Monday, August 11, 2008

The future of airline travel? (KLM "bumps and grinds" family)

I’ve had my share of bad travel experiences. But a recent European experience with KLM may surprise and shock you.

My journey begins well as my two teenage sons and I fly from San Francisco to Amsterdam for a wonderful 3-week tour of Europe. We work our way back to Amsterdam for our return flight, staying in the airport Sheraton the night before our departure. The next morning, as we check into Amsterdam 2 hours before our 11 a.m. return flight, we are immediately told that the flight is overbooked (!) and that KLM may not be able to put us on the flight.

My mind reels in disbelief. We paid for the tickets 6 months prior and no communications (e.g. email, phone call) had alerted us to any issue. The eventual airline statement is “KLM overbooked, EU law provides for compensation in these matters (600 Euro per person), and we’ll get you to SFO shortly.”

“Shortly” does not describe what follows. We end up on a 13:30 flight to New York City with mid-day connection to SFO, but thunderstorms prevent landing in NYC, we circle briefly, and we proceed to Boston to wait on a tarmac. (Internet stories suggest airlines are carrying less fuel to save on weight.) We depart that plane, after 12 hours , only to spend an additional 2 hours to wait for our bags (which never appear) .
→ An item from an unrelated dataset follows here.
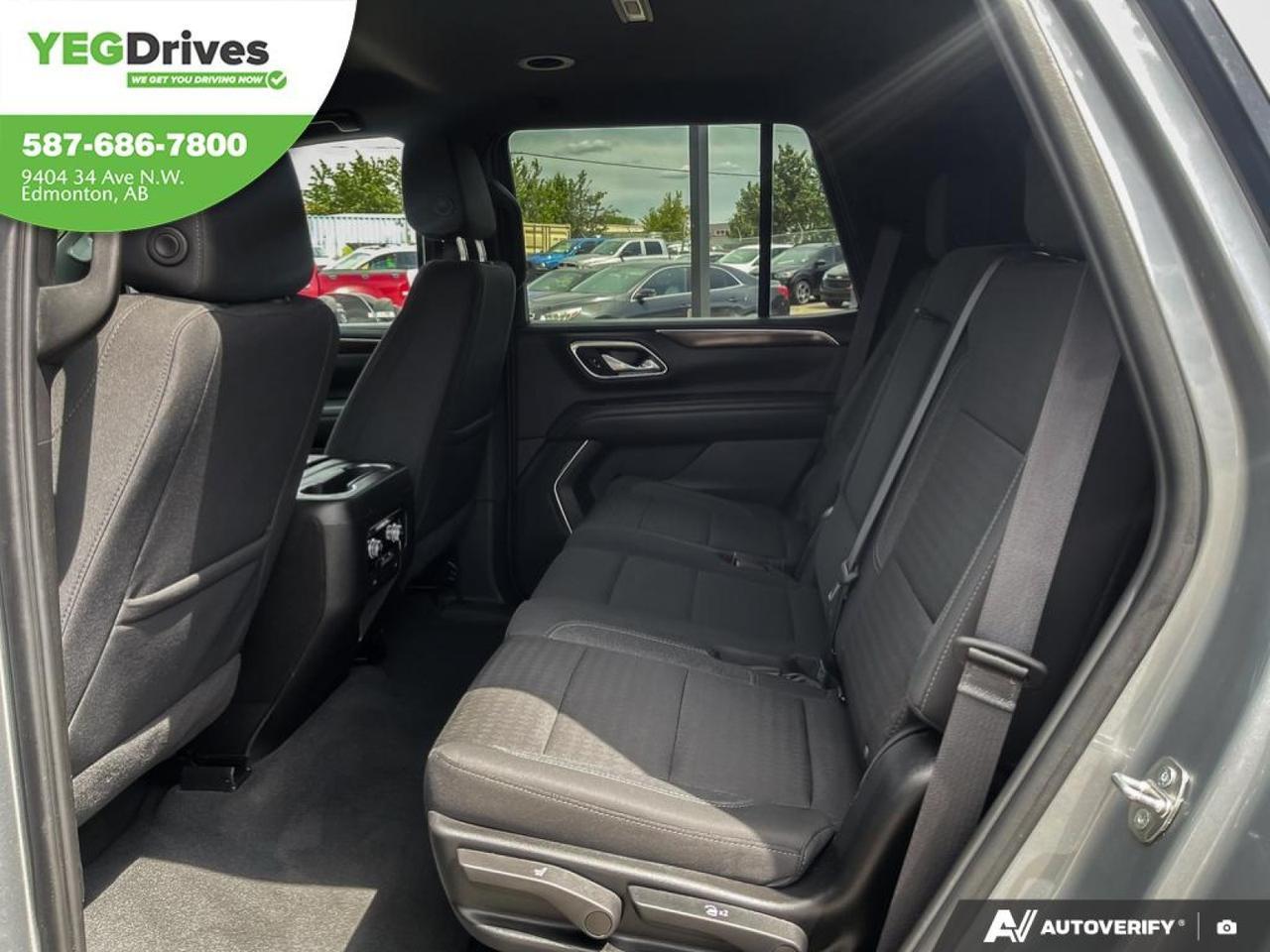 2024 GMC Yukon SLE Edmonton AB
So now it is midnight in one of the world’s biggest, baddest cities. No bags, no KLM staff, and no cell communications (batteries have died). I keep thinking “what are they planning for us? And where is KLM staff?”

We take several cabs in search of local hotels (all nearby “airport hotels” are booked) . I end up in Queens Flats, negotiating witho an innkeeper positioned behind bullet-proof windows at a Howard Johnsons. We uneasily step over locals who are sleeping in the lobby towards our two rooms.

The next morning I call KLM (NW is domestic partner) and ask them “what is the plan?” They have no plan. As we talk it through, the NW representative expresses amazement that I didn’t make the NYC connection (Don’t they already know this?! I was on the Boston tarmac at the time, in one of their planes, on their warped path to get me to SFO.) The agent starts offering me further multi-stops to get to SFO, I insist on non-stops, and after a half-hour cell phone conversation, we eventually get a non-stop to SFO for 6:00 p.m final arrival -- almost 48 hours after our original scheduled departure.

So I publicly ask KLM:

1) Are you okay with stranding a family at midnight in New York City?
2) Where are our bags? (As a hint, the baggage tags are attached to the boarding passes for the original flight which you took and held in Amsterdam.)
3) Where is my recovery of $500 for cab and hotel expenses in NYC? (Note: these are YOUR expenses – NYC was your plan, not mine).

And I continue to ask myself “what is the long-term lesson?” I think less family airline travel may be the only answer. In a world of airline profit pressure, the airlines don’t seem capable of caring for my family and my valuables.